Wenn ich nicht eher geschrieben habe, ist der Grund meine Manieristische Furcht für die deutsche Sprache. Oft habe ich an Ihnen gedacht, an Ihnen und Ihren Freunden. Ja, lieber Herr, Freundschaft und Sympathie kann man sich nicht verklaren. Vom ersten Tag’, ich Sie sah, habe ich Sie lieb, und ich hoffe, wie Sie, dass unsre Freundschaft in aller Zukunft dauern wird – |auch wenn ich ein schlechter Briefschreiber bin.
Ich vergesse aber ganz meinen Dank und den meiner Frau zu bringen für die Zusendung der franzoesischen Chansons. Meine Frau freut sich sehr sie zu singen – ich sie zu hören.
Ich bin jetzt Subscribent der Frankf. Zeitung  und habe neulich da eine ausgezeichnete Dreyfus-Feuilleton von Ihnen gelesen. Das ist das beste, was ich von dieser merkwürdigen Sache gelesen.
(Ich schreibe so undeutlich um meine Sprachfehler zu verbergen)
– – Ich wurde gestern in meinem |Schreiben unterbrochen und setze jetzt fort, d. 21. hujus.
Meine Frau hat in diesen Tagen im königlichen Theater ihre Entrée gehabt mit grossem Erfolg. In einer kleinen Ibsen-Rolle. Frl. Bernick in »Stützen der Gesellschaft«.
Dieses Jahr werde ich deutscher Journalist. Der vortreffliche Herr Fischer hat mich engagiert vier Briefe vom Norden in »Neue deutsche Rundschau« zu schreiben. Den ersten Brief habe ich schon fertig. Der kommt im October-Hefte.

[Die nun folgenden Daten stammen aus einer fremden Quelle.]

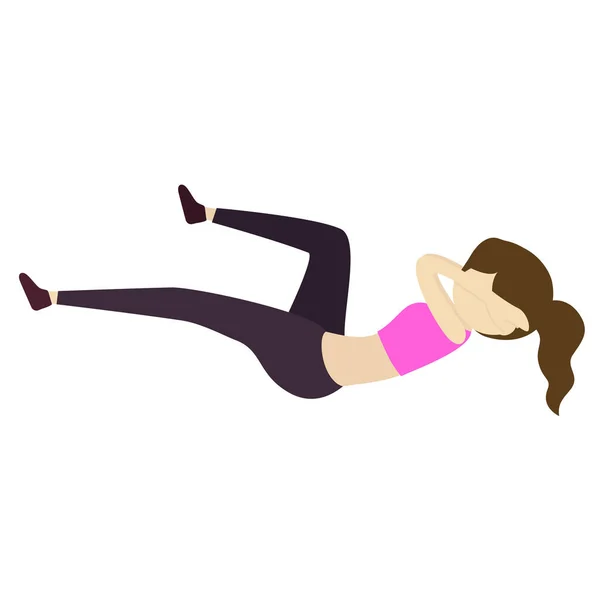 Woman Doing Yoga Exercises Illustration — Stockfoto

Sie schreiben natürlich oft an Herrn Schnitzler und Beer-Hofmann. Sagen – bitte – den zwei liebenswertesten Menschen, dass sie mir nicht böse sein dürfen, weil sie nichts von mir noch gehört haben. Sie wissen ja alle |Drei den legitimen Grund meiner Stummheit.
Ach – könnten Sie nur alle Drei recht oft Abendvisiten machen und mit uns plaudern und lachen und bisweilen – weil es auch gut ist – ein bischen sentimental sein.
Lieber Freund – ich sende Ihnen alle meine besten Grüsse und meine Frau fügt ihre Grüsse zu den meinigen.
Vergessen Sie uns nicht und schreiben Sie bald wieder.